In general, the idea is to develop a transdisciplinary language and methodology for vision and imagination that simultaneously bridges macro and micro perspectives and diverse application areas. This can result in a joint (transdisciplinary) body of thought and the bringing together of vision developers from different areas. Which in itself can give an impulse to the development of entirely new innovation practices that further strengthen the mission-driven innovation policy.
New tools for vision and imagination The tool and methodology development of KEMs for vision and imagination also has a 'hard' or - in other words - a practical side on which a lot of innovation is possible and necessary. Until now, the mission-driven innovation policy has been little visible in the broad public domain. Increasing the attention and public support for mission-driven innovation policy requires, for example, conscious and targeted use of new digital technology and social media.
New tools and methods to communicate and involve actors can be of decisive importance in this.

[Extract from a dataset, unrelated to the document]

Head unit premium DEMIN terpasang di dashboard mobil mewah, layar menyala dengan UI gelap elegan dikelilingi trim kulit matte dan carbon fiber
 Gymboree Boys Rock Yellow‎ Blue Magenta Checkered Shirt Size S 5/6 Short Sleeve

Connections to Other KEM Categories The KEMs for vision and imagination have common ground with the KEM categories described in the other chapters. Achieving optimal synergy between the KEM categories is a challenge in itself, both in the development of KEMs and in their application in practical situations. For example, there is a clear relationship between the approaches described above for shared vision development and KEMs for participation and co-creation in Chapter 3. The framing of a joint innovation assignment can be started with joint vision development and then further developed in co-creation processes. develop. Similarly, vision and imagination can be the first impetus for behavioural change and empowerment processes (Chapter 4). In Experimental Environments (Chapter 5) can be very focused visionary concepts are developed and tested. In addition, it is possible to use KEMs for monitoring and effect measurement (Chapter 9) also validate the actual impact of visions in practice (scientifically), a challenging perspective.
Wherever possible, it is recommended to pursue these kinds of interactions between KEM categories in the development and implementation of KEMs for vision and imagination.